The Smiths - a band from Manchester, England, whose singer and lyricist, Morrissey, taught a generation-wide cult how to mope with melodramatic self-consciousness - are getting an entirely different treatment in "Some Girls Are Bigger Than Others," a music-theater piece based on Smiths songs; the band lasted from 1982 to 1987.
..."Some Girls" seeks the spirit of the Smiths' songs by transforming them. The arrangements are not for rock band, but for string quartet with electronics. Morrissey's heartsick legato croon is reassigned to four women and two men, who deliver anything from keening, primal unaccompanied wails to swing-era harmonies.
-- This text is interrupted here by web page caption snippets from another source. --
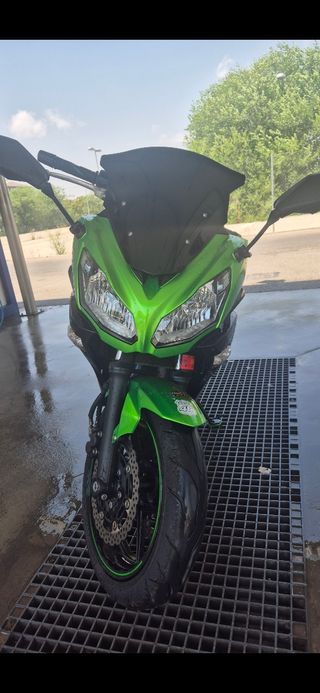 MOTO KAWASAKI ER6F 650cc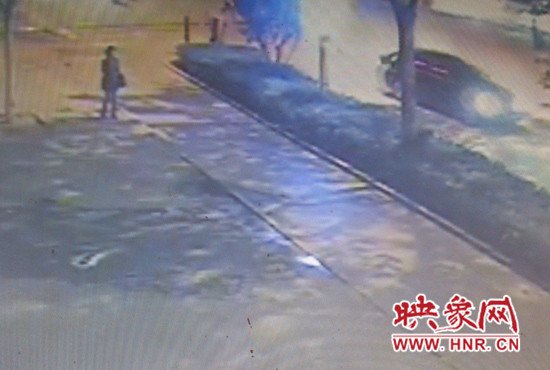 監(jiān)控視頻里的肇事車(chē)輛 監(jiān)控視頻里的肇事車(chē)輛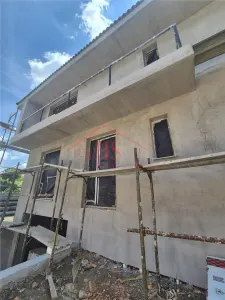 Casa tip duplex, exceptionale, zona linistita. Strada Tineretului, Floresti - foto 2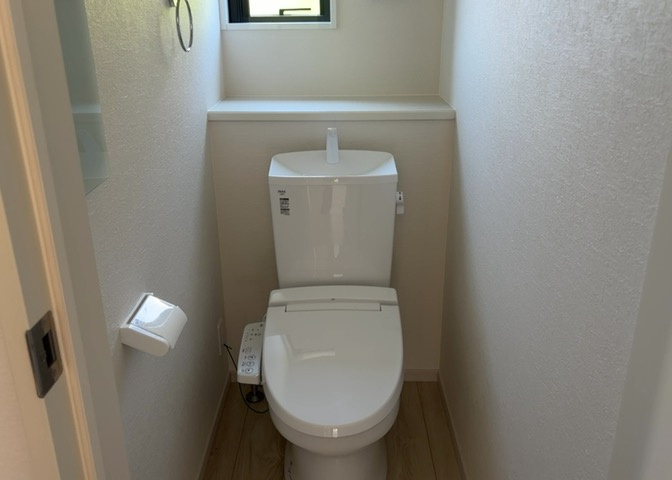 トイレは大きさや形、機能、抗菌性などが異なる多種多彩なタイプが各メーカーから出ています。それぞれに良さがあるため、事前にどういったタイプのトイレがいいのかをご家庭内で決めて、内見に行くといいでしょう。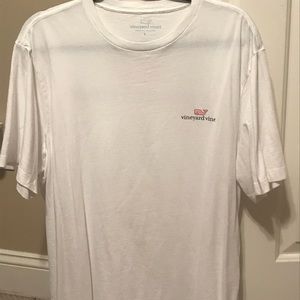 Vineyard Vines T-shirt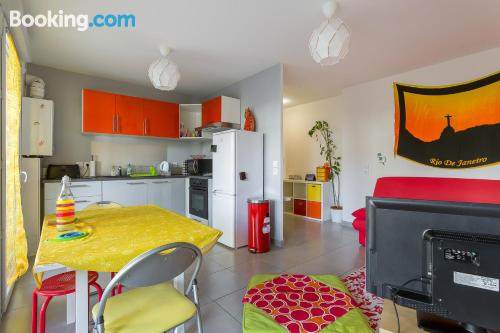 One bedroom apartment place in Lyon with wifi.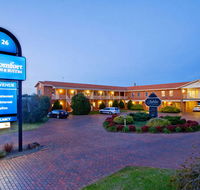 Comfort Inn  Suites King Avenue - Hotel Accommodation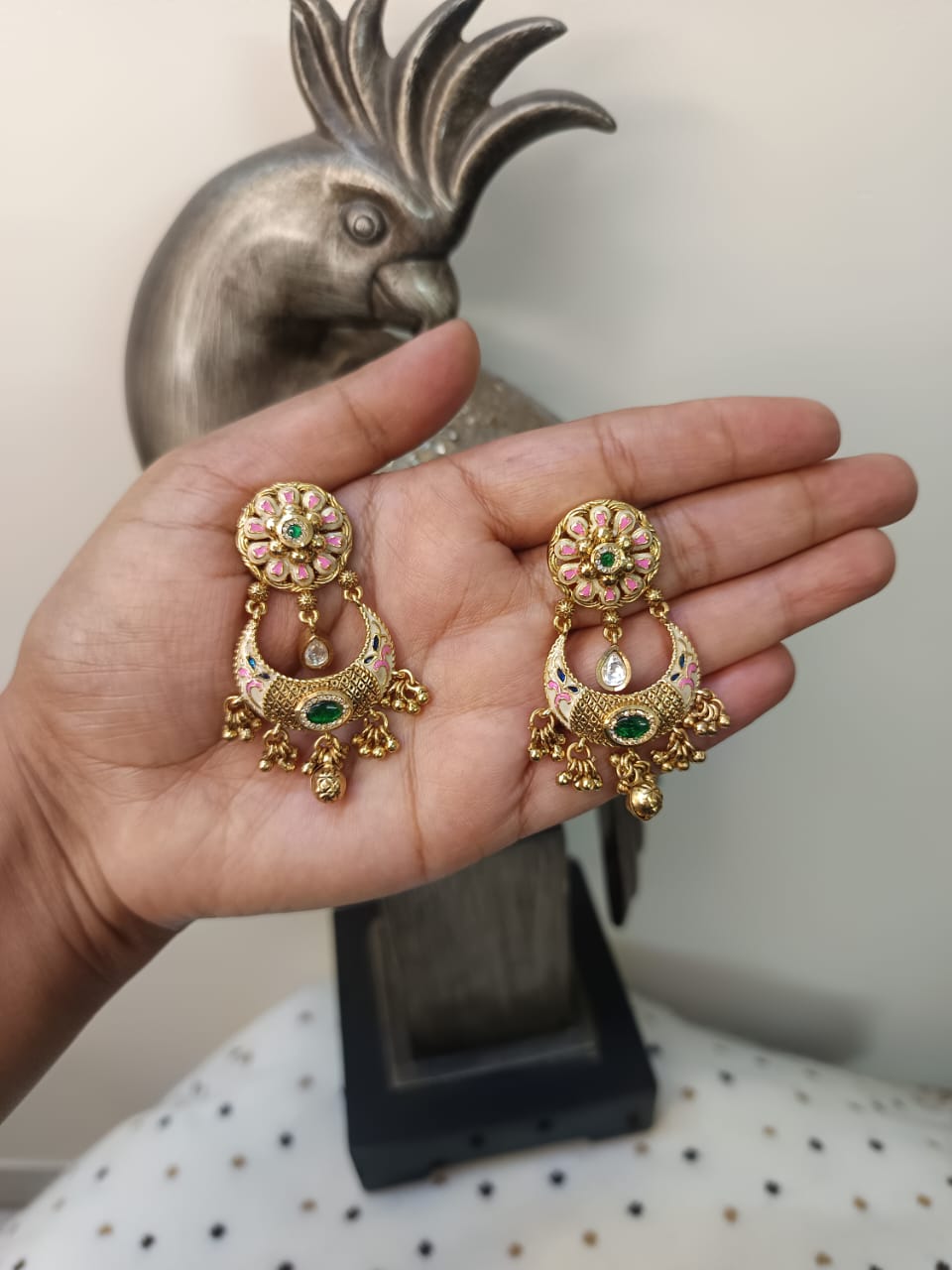 Antique-Gold-Polki-Chandbali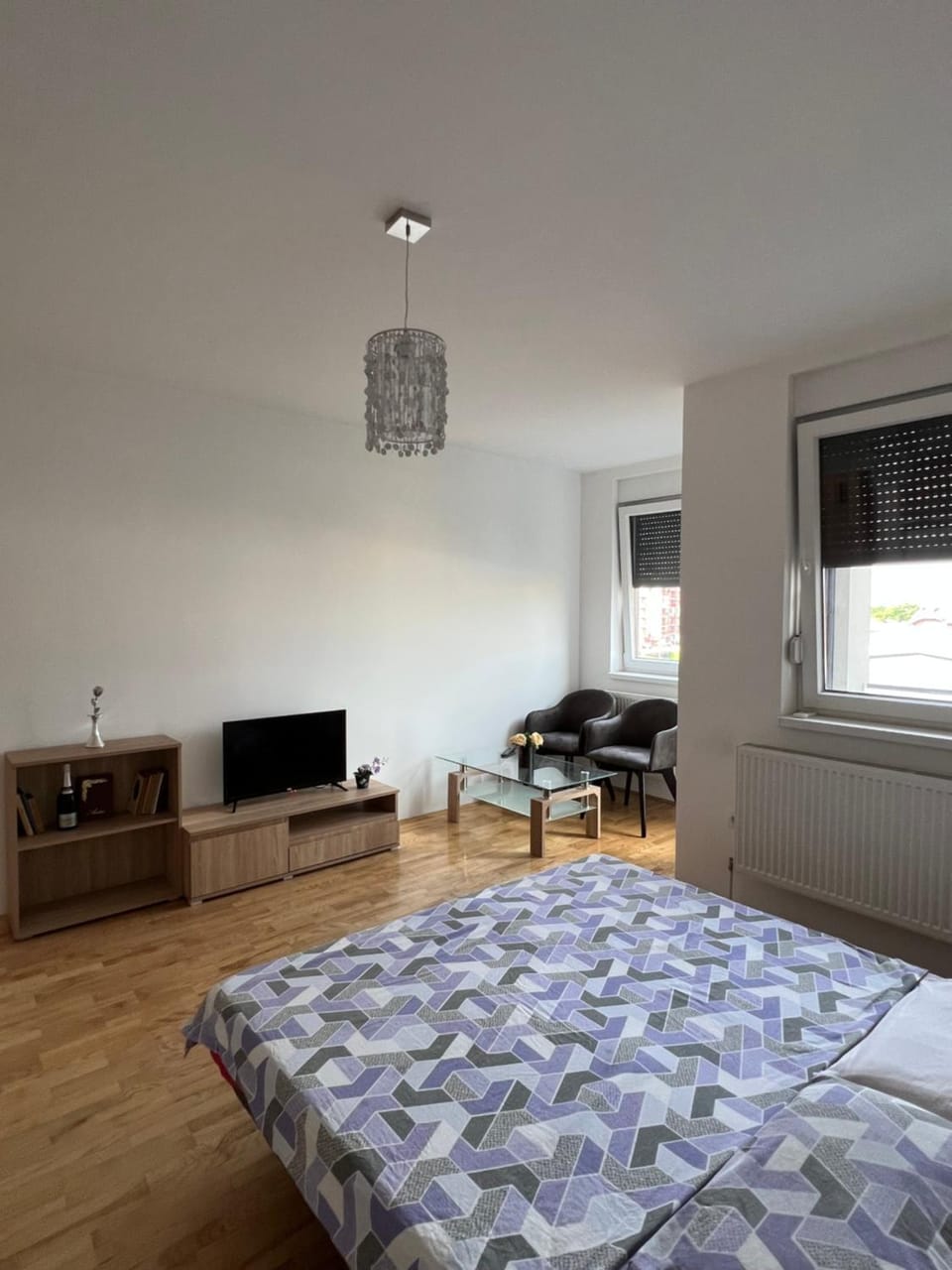 Bed, TV and multimedia, Living room, Seating area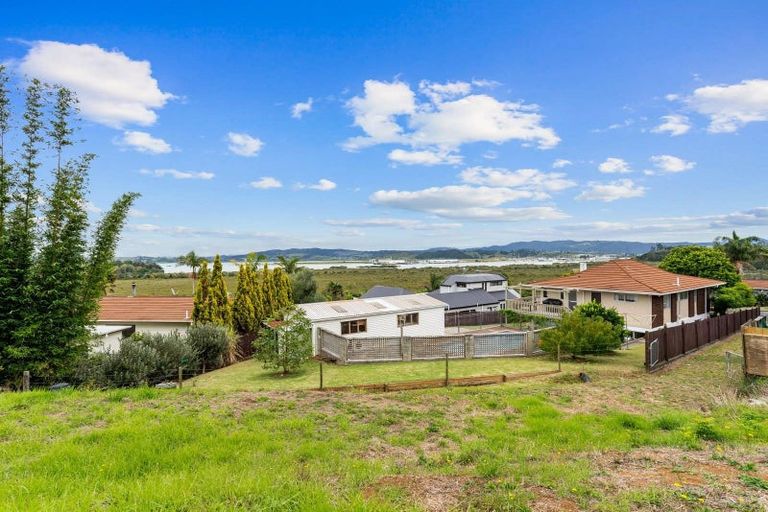 Photo of property in 21 Raumati Crescent, Onerahi, Whangarei, 0110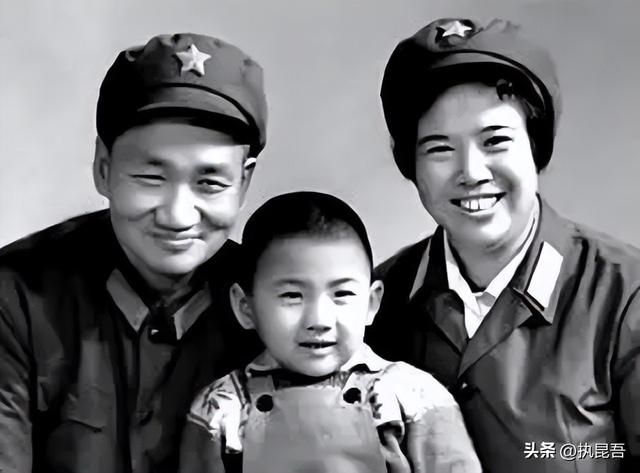 1976年毛主席去世，毛岸青没去送葬，毛新宇：那是他最大的遗憾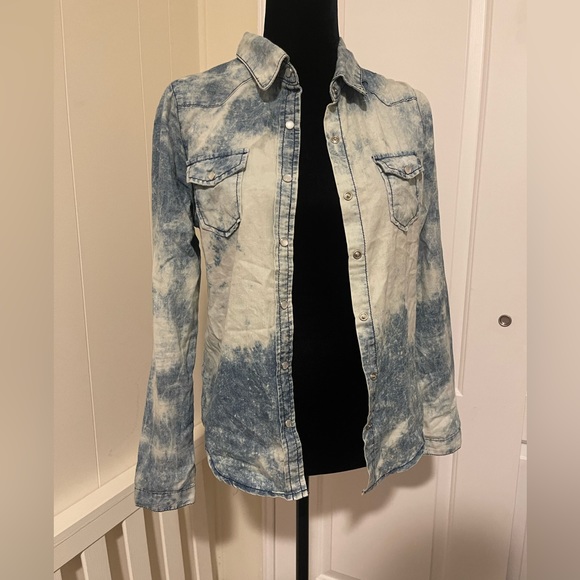 ChiQle Denim Architect Acid Wash Denim Shirt - Picture 1 of 6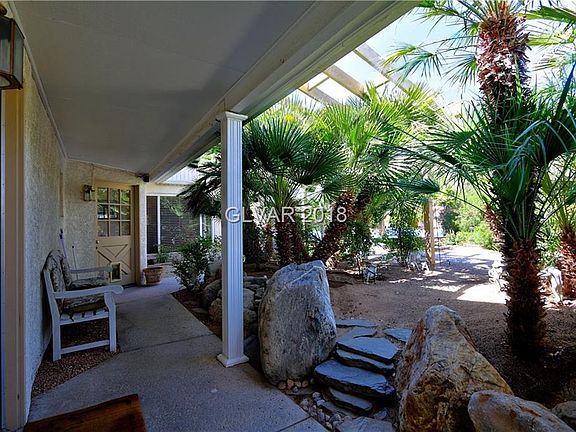 3rd image of 1527 Shadow Mountain Pl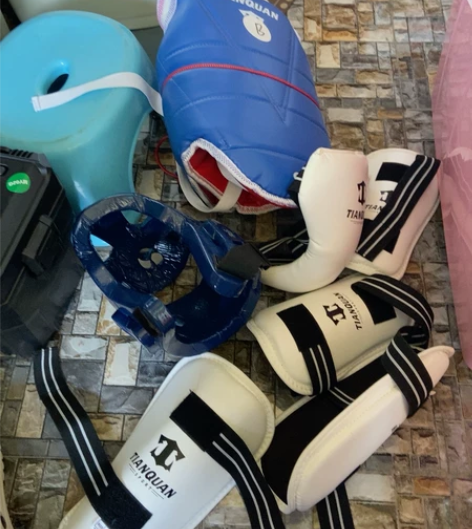 跆拳道护具。 适合男孩 1.5-1.6...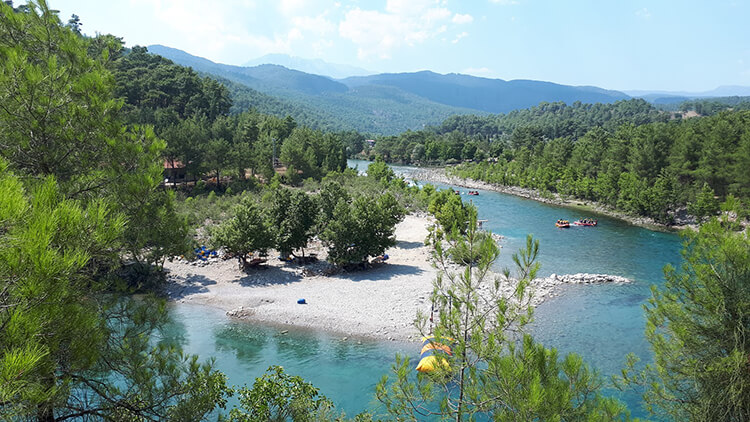 Fenomen Rafting Restorant Camping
The Smiths' lyrics were proudly defenseless and unguarded: "I know I'm unlovable/ You don't have to tell me." Yet the staging doesn't wrap them in obvious scenarios. The show is an allusive, surreal, ever-mutating fantasia on love and sex, family and control, violence and death.
..."What I wanted to make was a world that was recognizable but somehow changed, very 'Alice Through the Looking Glass,' " said Andrew Wale, the director. "You go through this mirror, and it's somehow different, although you recognize all the elements. What I also wanted to do was to try and get a group of performers who would treat this very strange, dislocated and adjusted world as their normality, so that we could sit there and then go, 'Well, maybe we'll look at our own world and realize the abnormalities in that a little bit more strongly.' "
....The team hopes to take the production to New York. Many English reviews for "Some Girls Are Bigger Than Others" have been mixed or hostile. The Independent praised the music but called the staging "bewildering and frequently toe-curling." But the production has one thing in common with more conventional pop musicals: it can draw on the band's fans. More than 90 percent of the ticket sales have been online, rather than the usual 50 percent, suggesting a rock audience, said the show's producer, Glynis Henderson. Obvious Smiths fans began showing up during previews at the end of June. "I had put all that to the back of my mind," Mr. Wale said. "But when I saw them, I realized: 'This is scary. What on earth will they think?' "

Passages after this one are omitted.